Control over governing body (Board)
The Company’s board of managers had the sole and exclusive right and authority to manage and control the business affairs of the newly combined company. The Board became comprised of six members in two classes:
• | Three “Apollo Managers,” including one Apollo Senior Manager; and |
• | Three “Executive Managers,” including one Executive Senior Manager |
The Apollo Senior Manager received two votes, while each manager (including the Executive Senior Manager) received one vote. Any action provided by the Board of Managers required the simple majority voting power of the Board of Managers.
Since Apollo had 4 of the 7 potential votes that can be cast, Apollo had the ability unilaterally to control the Board.
Management Composition
Immediately following the business combination, the Company’s management consisted primarily of Sprouts Arizona management, with the exception of Henry’s Chief Operating Officer, who joined the Company in conjunction with the Henry’s Transaction.
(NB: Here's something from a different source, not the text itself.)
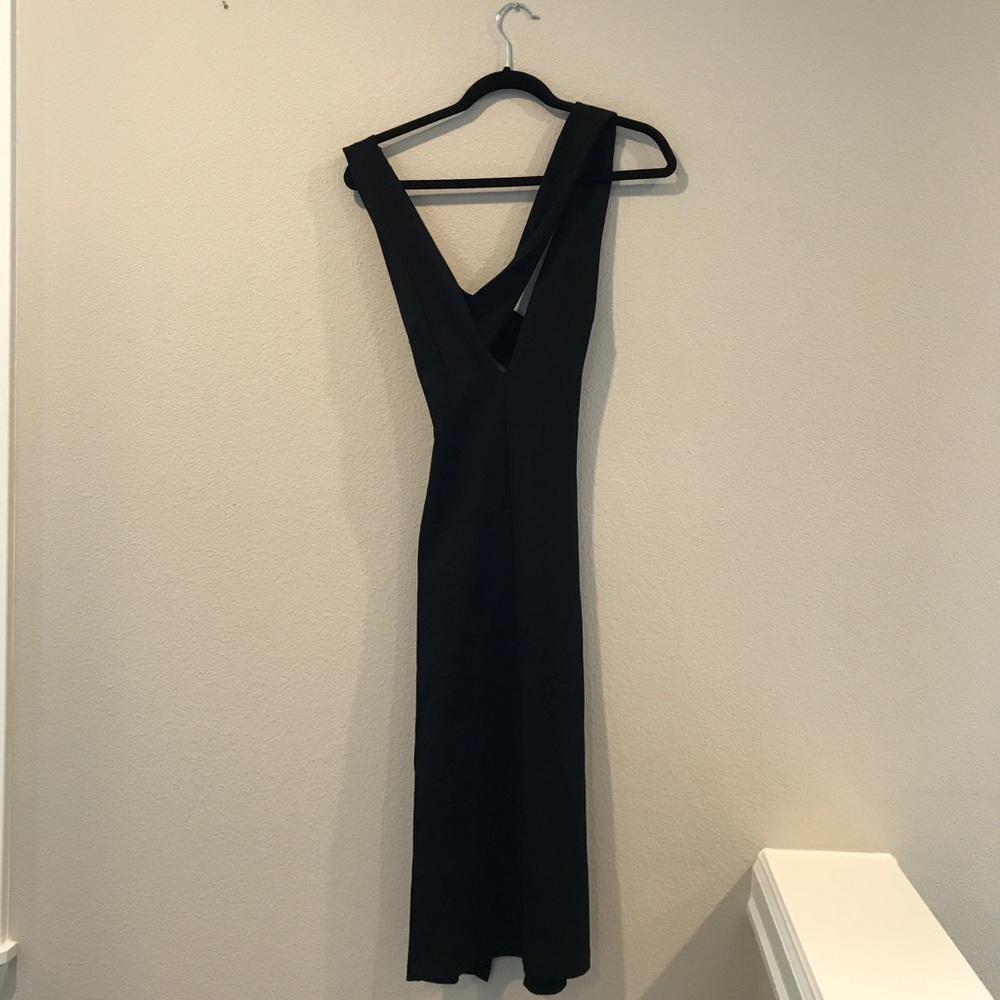 Sexy party maxi dress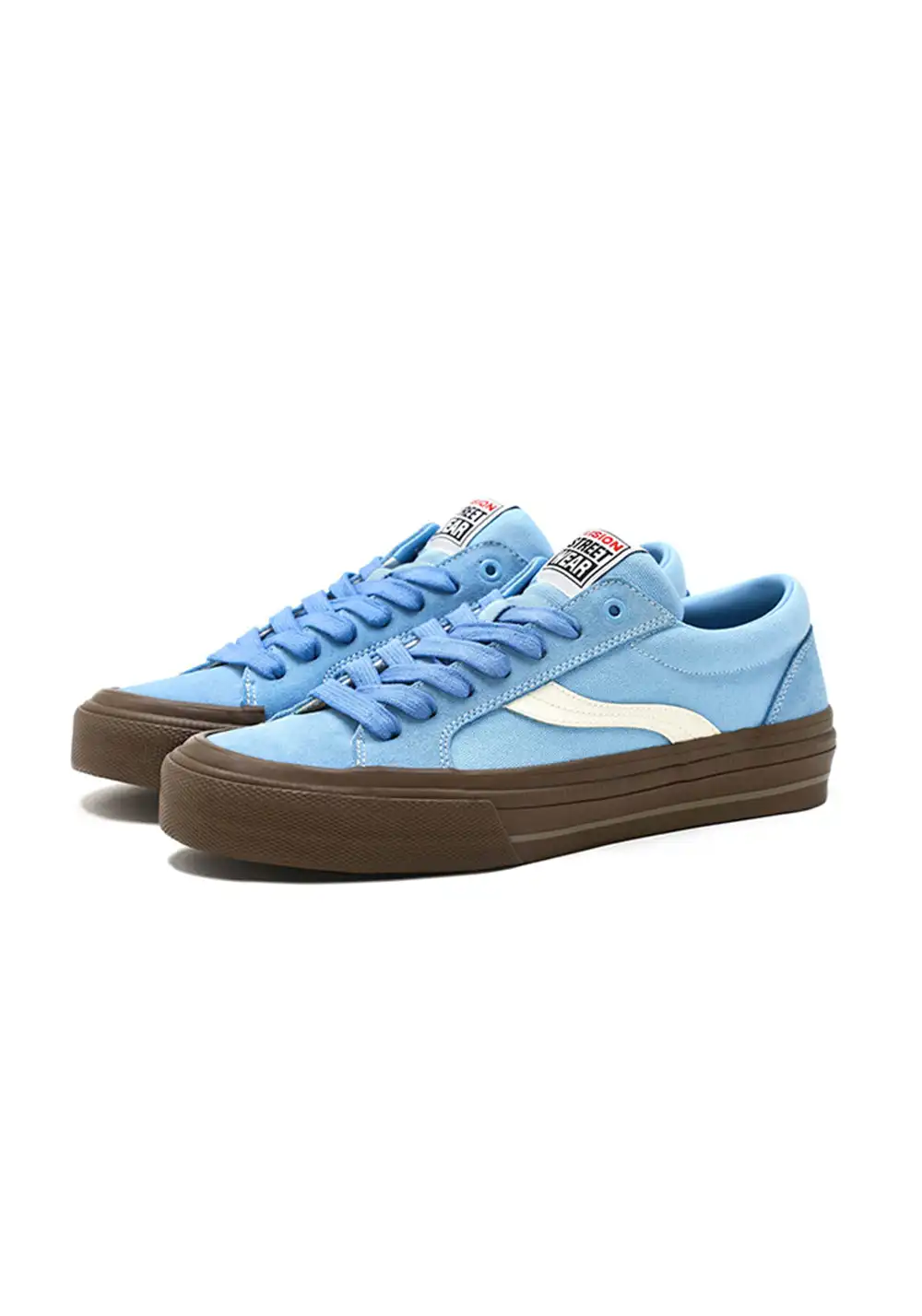 VISION丨ASTLEY PRO Classic Low-Top Skate Sneakers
Additionally, new members of management (e.g., general counsel) were added by the Company following the business combination and the Company also replaced members of management following the business combination (e.g. previous Sprouts Arizona CFO). The Board of Managers was granted the power to appoint the senior management of the newly combined company and the power to remove senior management, either with or without cause, at any time.
Although Sprouts Arizona management initially outnumbered Henry’s, the composition of management was controlled by the Board of Managers, which was ultimately controlled by Apollo, as described above.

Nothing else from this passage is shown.